The boxes contained negatives of the Spanish Civil War (1936-1939), as taken by the war photographers Robert Capa, Gerda Taro and David “Chim” Seymour.

The negatives are fascinating, and essential, because of the amazing story of war that they reveal, at the frontline and with the immediacy and urgency and authenticity that photographers who were actually there at the moment of action could witness and share. Thus, the images allow us, today, to gain an unique insight into war, with all its attendant brutality and destruction and tragedy.

I had not realised that the Spanish Civil War is one of the most unspoken events in the nation’s history. It is shrouded in silence, or has been until relatively recently, and few who lived through it have chosen to speak publicly.

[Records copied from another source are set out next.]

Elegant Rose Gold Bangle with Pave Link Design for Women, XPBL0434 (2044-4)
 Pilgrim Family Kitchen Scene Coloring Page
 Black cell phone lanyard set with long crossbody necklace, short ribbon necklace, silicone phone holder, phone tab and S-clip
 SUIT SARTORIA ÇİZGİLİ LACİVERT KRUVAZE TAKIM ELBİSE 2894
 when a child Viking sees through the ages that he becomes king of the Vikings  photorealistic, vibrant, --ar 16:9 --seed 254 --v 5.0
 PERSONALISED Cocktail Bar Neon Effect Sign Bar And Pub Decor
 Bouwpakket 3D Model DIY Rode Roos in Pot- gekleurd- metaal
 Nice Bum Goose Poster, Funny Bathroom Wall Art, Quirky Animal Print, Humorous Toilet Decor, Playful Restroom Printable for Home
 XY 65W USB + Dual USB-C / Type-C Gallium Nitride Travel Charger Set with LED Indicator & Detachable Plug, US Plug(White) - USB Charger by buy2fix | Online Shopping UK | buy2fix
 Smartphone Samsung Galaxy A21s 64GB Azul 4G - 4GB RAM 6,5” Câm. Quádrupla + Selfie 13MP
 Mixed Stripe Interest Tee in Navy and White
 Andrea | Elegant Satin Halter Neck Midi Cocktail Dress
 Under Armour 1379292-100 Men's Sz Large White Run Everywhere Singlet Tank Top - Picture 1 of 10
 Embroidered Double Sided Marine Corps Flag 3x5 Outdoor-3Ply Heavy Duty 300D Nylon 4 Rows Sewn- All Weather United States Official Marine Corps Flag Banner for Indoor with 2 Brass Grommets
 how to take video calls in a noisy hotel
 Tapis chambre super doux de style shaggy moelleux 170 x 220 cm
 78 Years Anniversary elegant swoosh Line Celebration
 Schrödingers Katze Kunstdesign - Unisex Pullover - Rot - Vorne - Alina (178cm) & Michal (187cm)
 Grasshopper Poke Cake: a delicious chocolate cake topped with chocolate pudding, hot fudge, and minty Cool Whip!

This culture is changing, as younger generations begin to question and to demand answers on their national inheritance – one commented that the Spanish Civil War, of which he personally played no part being born many years later, was the single greatest influence on his life and upbringing.

Photographs play a unique role in both our personal and national archives. They serve to corroborate the truth of the existence of place, and of people. For many of those who died during the Spanish Civil War – over half a million people in total – no bodies have been found, and relatives, reminiscent of Pinochet’s legacy as depicted in Nostalgia for the Light, continue to search for their remains. In the meantime, the only tangible legacy they have are photographs, and the contents of the ‘Mexican Suitcase’ significantly contributes to the reality of their remembering.

All three photographers, Capa, Taro and Seymour, died during combat. Taro was killed during the Spanish Civil War, and the other two later, in the 1950s. It is now extraordinary to see the extent to which all three were involved in frontline action, willingly risking their lives for representations of the reality of war.

And thus, long after the event, we can witness, as we should, the horror of it all.